Il y a vingt ans, dans un bar populaire de la rue St-Jean, un soir par semaine, la bière coûtait vingt-cinq cennes en rentrant, et augmentait de vingt-cinq cennes tout au long de la soirée pour finalement atteindre son prix régulier, de pas loin de cinq piastres.
Aujourd’hui, on privilégie le service à la bouteille de fort en entier, avec un cover pour entrer, et un Uber pour sortir. Un drink qui aurait le malheur d’être un peu fancé (avec une paille) plus le tip : pas loin de vingt piasses (je ne suis plus dans la game depuis la pandémie, peut-être que mon estimation n’est pas t'à faite exacte).
Plus difficile de make it rain avec d’la Grey Goose ces temps-citte, quand même juste faire l'épicerie nécessitera bientôt d'avoir d'abord un endosseur, mettons.
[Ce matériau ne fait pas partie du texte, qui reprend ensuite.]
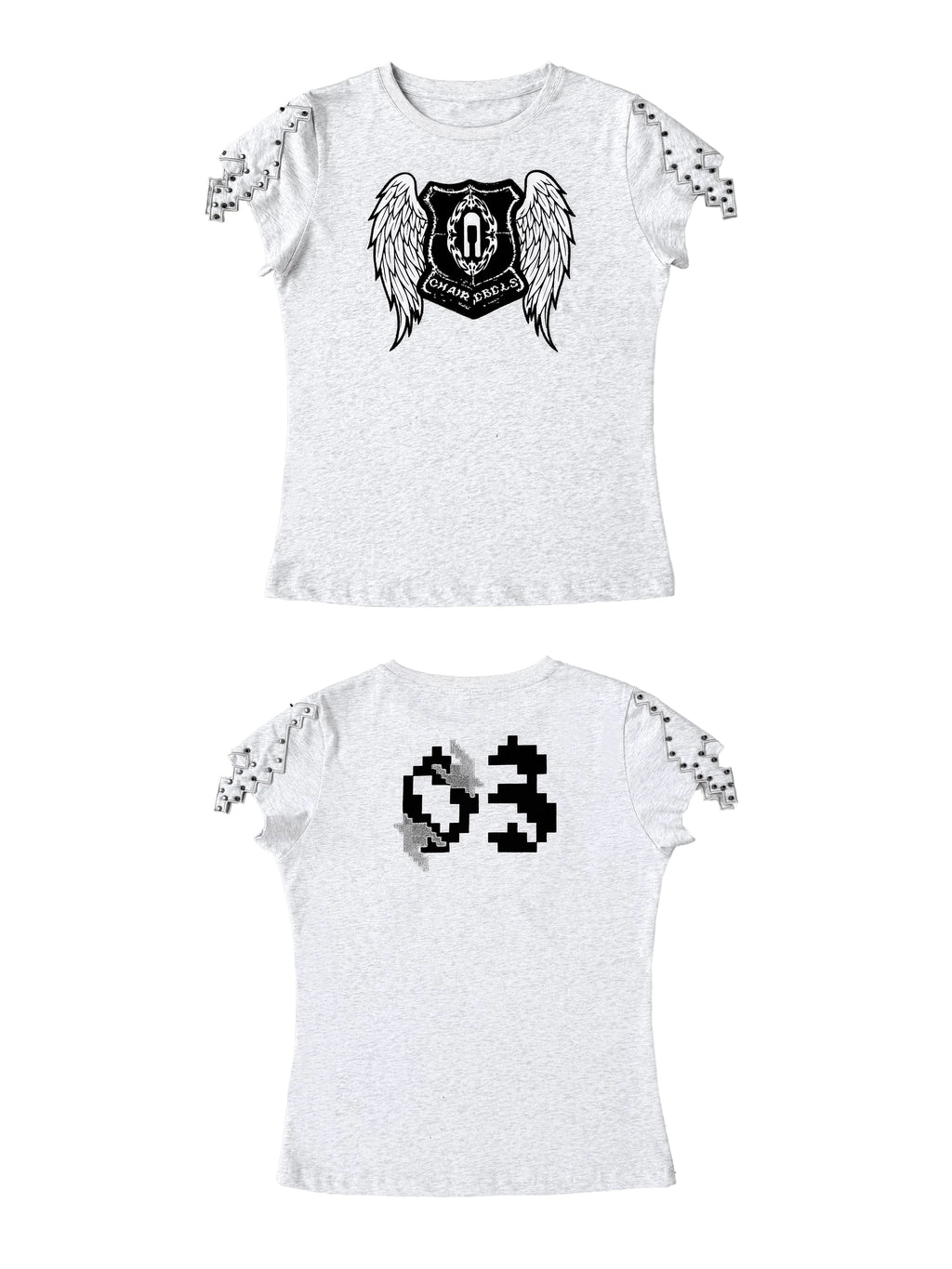 CHAI Wings Thousand Birds Grid Patch Nail Printed Tee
Alors, est-ce que l’industrie de l’alcool va faire faillite mondialement puisque potentiellement passée de mode ? Nah.
Mais est-ce que les jeunes souffrent moins si ils boivent moins ? Nope.
Faque qu’est-ce que ça veut dire, cette réflexion-là ? Que la dépendance va continuer de trouver ses cibles d’une façon où d’une autre. Qu’on n’est pas à quelques jours près de voir les SAQ offrir des massages d’épaules aux clients avec des deals 2 pour 1 sur le merlot. Si boire et dégueuler et reboire et dégueuler des kegs est moins présent dans les films pour ados avec les Stifler aux cheveux blonds spikés au gel et compagnie, ce sera remplacé par autre chose, juste différemment dosé.
Mais il est intéressant de constater comment notre comportement, nos envies, nos angoisses, nos limitations, financières ou sociales, vont jouer dans la balance des substances servant à donner l'illusion éphémère et douloureuse de s'évader, et influencer la consommation puis ses habitudes sur les prochaines décennies, sur qu’est-ce qui nous sortira vraiment de la jeunesse, qu’est-ce qui fera vraiment de nous une personne adulte. Si jamais, on se donne la chance de s’interroger sur ce que ça pourra définir, à différents moments de notre longue traversée.